Brief descriptive captions
/---
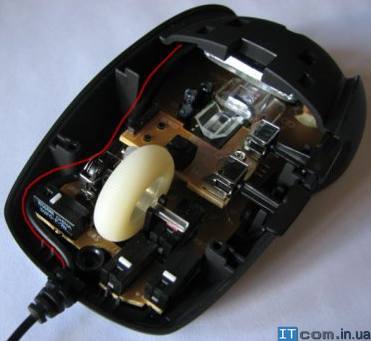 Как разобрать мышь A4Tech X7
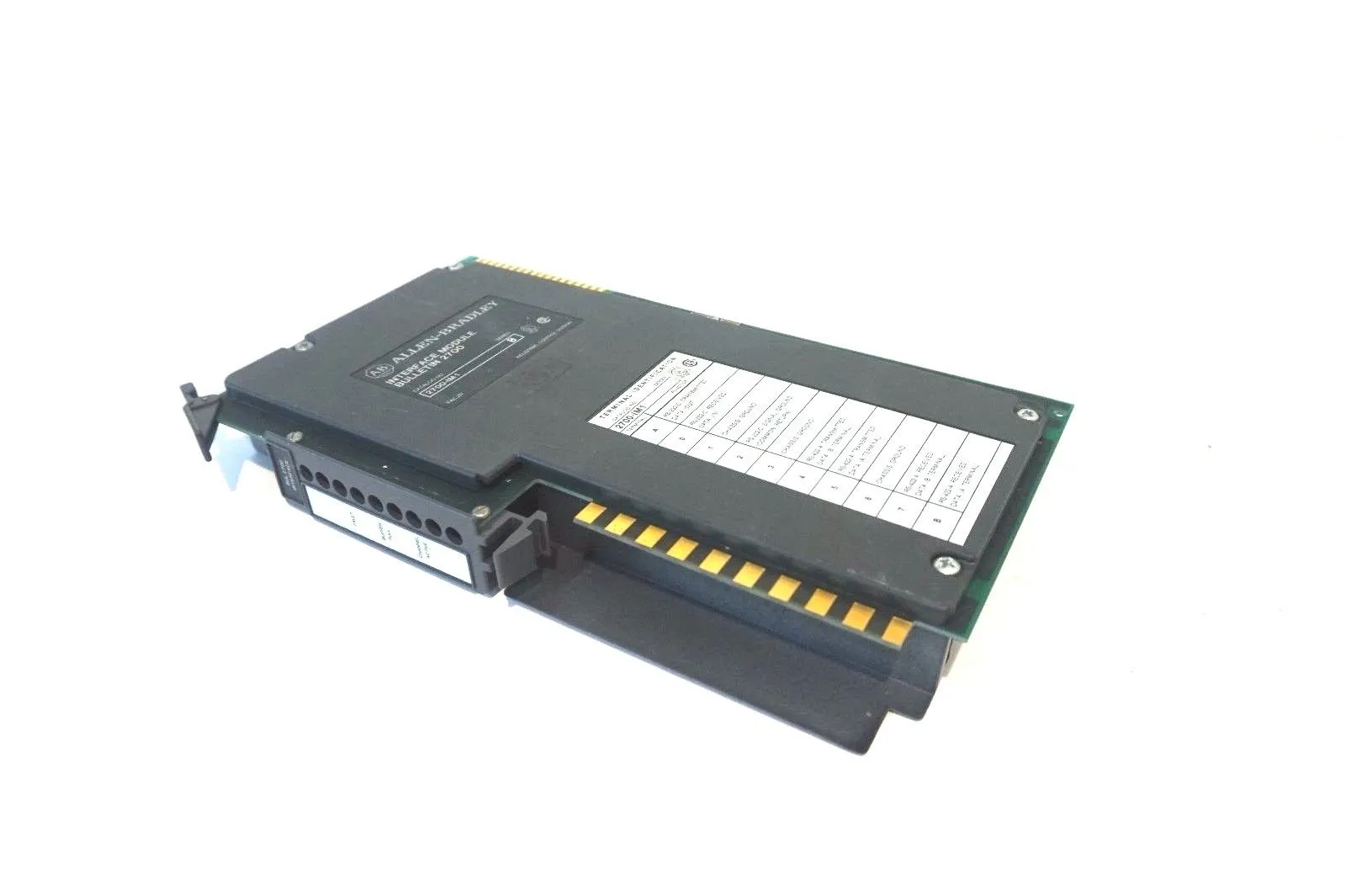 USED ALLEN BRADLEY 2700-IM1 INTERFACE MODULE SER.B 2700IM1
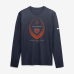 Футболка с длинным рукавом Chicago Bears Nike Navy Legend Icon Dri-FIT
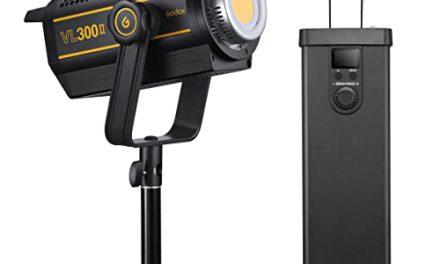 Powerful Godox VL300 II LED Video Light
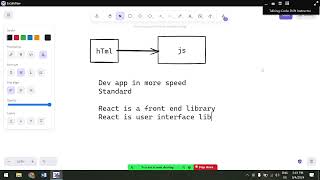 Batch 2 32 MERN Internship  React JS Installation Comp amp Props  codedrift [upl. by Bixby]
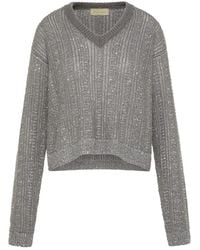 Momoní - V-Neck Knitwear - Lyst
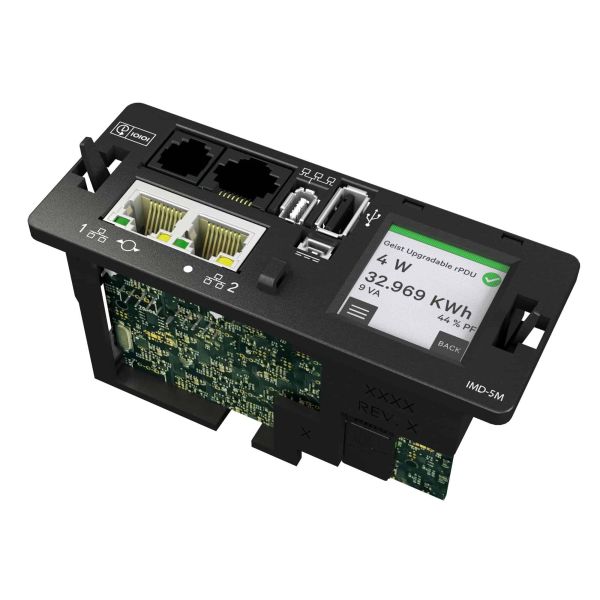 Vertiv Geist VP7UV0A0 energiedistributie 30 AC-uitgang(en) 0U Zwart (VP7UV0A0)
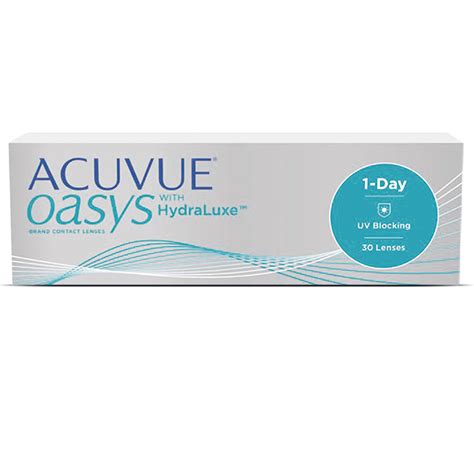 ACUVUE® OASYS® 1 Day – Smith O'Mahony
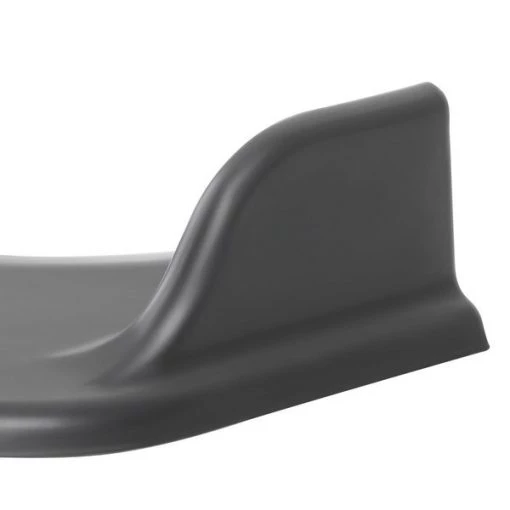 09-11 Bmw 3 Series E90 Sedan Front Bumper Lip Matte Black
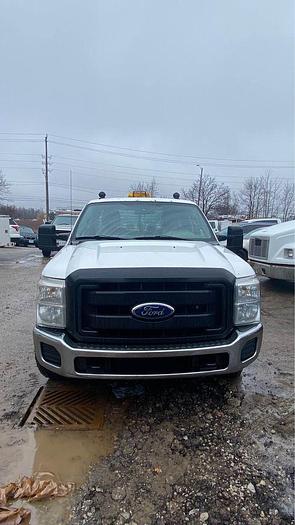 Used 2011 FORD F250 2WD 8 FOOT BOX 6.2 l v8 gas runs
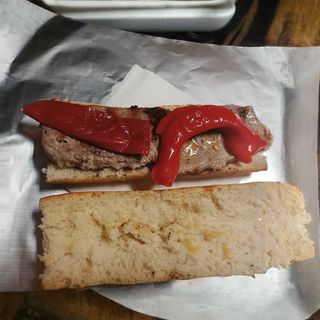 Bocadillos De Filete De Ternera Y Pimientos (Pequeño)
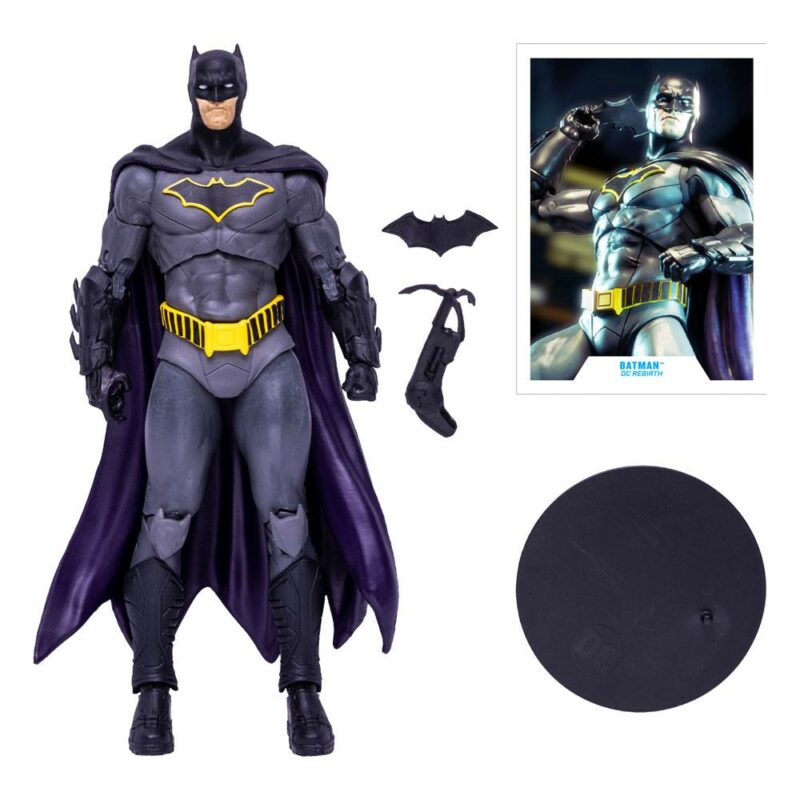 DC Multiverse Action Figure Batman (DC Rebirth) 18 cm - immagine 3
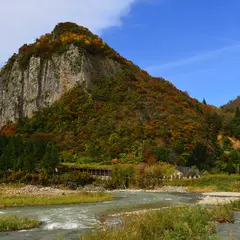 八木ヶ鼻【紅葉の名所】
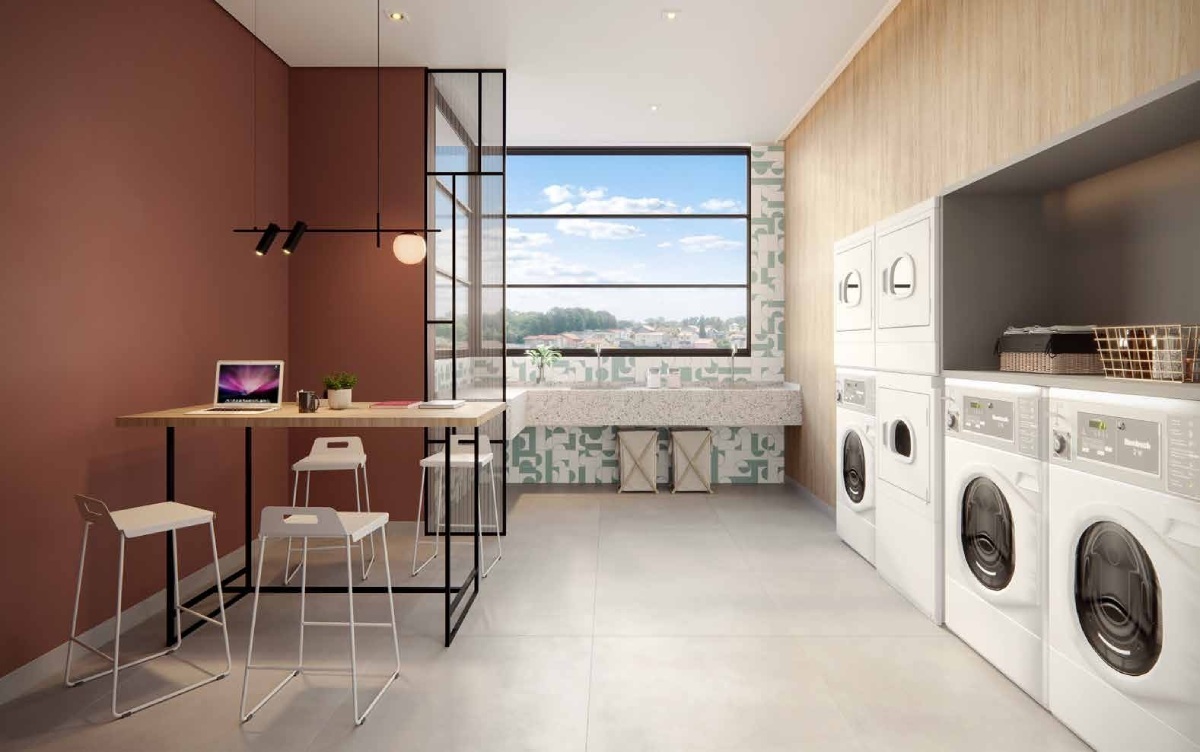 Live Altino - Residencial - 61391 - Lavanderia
\---
WHAT YOU ARE ASKED TO DO
Copy out exactly the lines that begin at the line with "Batch 2 32 MERN" and end at the final line of the entries above. Leave out the pictures.

WRITTEN ANSWER
 Batch 2 32 MERN Internship  React JS Installation Comp amp Props  codedrift [upl. by Bixby]
 Momoní - V-Neck Knitwear - Lyst
 Vertiv Geist VP7UV0A0 energiedistributie 30 AC-uitgang(en) 0U Zwart (VP7UV0A0)
 ACUVUE® OASYS® 1 Day – Smith O'Mahony
 09-11 Bmw 3 Series E90 Sedan Front Bumper Lip Matte Black
 Used 2011 FORD F250 2WD 8 FOOT BOX 6.2 l v8 gas runs
 Bocadillos De Filete De Ternera Y Pimientos (Pequeño)
 DC Multiverse Action Figure Batman (DC Rebirth) 18 cm - immagine 3
 八木ヶ鼻【紅葉の名所】
 Live Altino - Residencial - 61391 - Lavanderia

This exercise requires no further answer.